Over the past few years, the fact that I am a ginger seems to come up more in conversations, and makes up a larger part of my identity. Ginger jokes are a daily part of my life. Fire, flames and freckles, I’ve heard jokes about it all. Thanks to an episode of South Park, I have become accustomed to “gingers-not-having-souls-jokes,” a trend that really seemed to take off a few years ago.

Normally, I don’t mind at all. I appreciate the witty jokes I hear. We can laugh about my perma-pasty skin. Please, cheer me along as I celebrate getting more freckles because it’s the closest I’ll ever get to a tan. Yes, I will smell like sunscreen all summer. I’ve accepted this never will change, so humor makes it all more bearable.

What I cannot tolerate though, is Kick-A-Ginger Day. I received some gentle kicks back in high school. It was never done maliciously, but I saw no humor in it. As far as I’m concerned, violence is never acceptable.

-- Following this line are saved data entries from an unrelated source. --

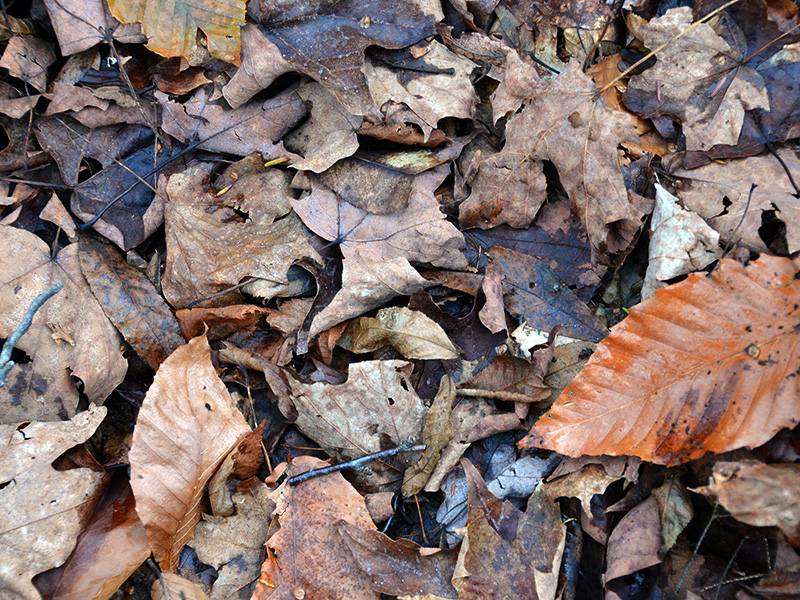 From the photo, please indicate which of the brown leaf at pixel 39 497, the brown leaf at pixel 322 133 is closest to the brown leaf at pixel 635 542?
the brown leaf at pixel 322 133

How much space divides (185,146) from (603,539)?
8.68ft

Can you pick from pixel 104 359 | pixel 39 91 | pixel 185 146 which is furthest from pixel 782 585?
pixel 39 91

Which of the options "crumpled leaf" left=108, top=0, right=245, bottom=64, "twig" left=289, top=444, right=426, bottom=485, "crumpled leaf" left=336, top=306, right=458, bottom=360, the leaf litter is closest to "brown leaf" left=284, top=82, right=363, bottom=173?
the leaf litter

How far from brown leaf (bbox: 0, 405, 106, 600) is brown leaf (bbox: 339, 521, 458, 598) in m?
1.09

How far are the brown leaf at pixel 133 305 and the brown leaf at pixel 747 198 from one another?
7.99ft

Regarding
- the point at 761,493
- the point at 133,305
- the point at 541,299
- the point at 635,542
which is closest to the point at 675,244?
the point at 541,299

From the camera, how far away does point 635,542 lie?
178 centimetres

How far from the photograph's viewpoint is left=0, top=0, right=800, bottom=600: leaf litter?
5.84 feet

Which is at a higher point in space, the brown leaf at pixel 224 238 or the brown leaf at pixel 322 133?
the brown leaf at pixel 322 133

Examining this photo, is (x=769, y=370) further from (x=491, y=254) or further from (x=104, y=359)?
(x=104, y=359)

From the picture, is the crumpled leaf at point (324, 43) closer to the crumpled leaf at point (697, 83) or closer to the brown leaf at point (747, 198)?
the crumpled leaf at point (697, 83)

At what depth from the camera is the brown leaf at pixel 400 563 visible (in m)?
1.85

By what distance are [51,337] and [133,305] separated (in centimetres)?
36

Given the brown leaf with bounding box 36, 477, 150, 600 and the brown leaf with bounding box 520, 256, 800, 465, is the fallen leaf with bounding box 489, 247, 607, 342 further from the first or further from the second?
the brown leaf with bounding box 36, 477, 150, 600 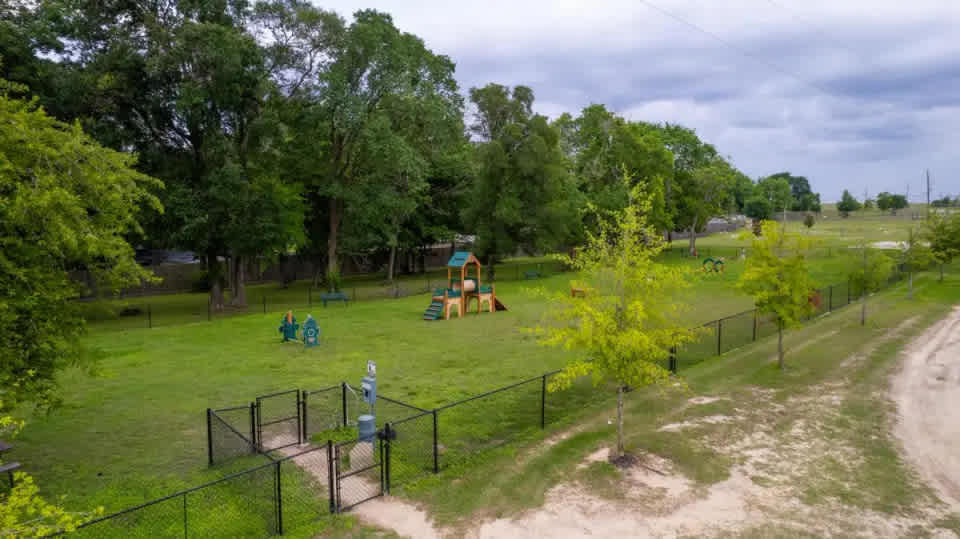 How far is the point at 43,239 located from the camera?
388 inches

To add to it, studies have shown that redheads have a lower pain tolerance and often require greater amounts of anesthesia.  I’ve also read that as a result we are more likely to be afraid of going to the dentist. Though I know some pretty tough gingers, this certainly rings true for me.

Luckily, however, we gingers stick together. I’ve never met another ginger I didn’t instantly bond with. Even with strangers, an understanding nod of recognition with a fellow ginger in passing says it all — I feel your pain.

In 2011, the world’s largest sperm donor bank announced they would no longer be accepting donations from redheads. They claimed there is simply not enough demand. Ouch.

All of this aside, I’ve learned to celebrate being a ginger and would never want to change. I often get asked if I would ever dye my hair, and my answer is always no. Sometimes it’s nice to stand out in the crowd—even if it is just because of my blaring pasty legs.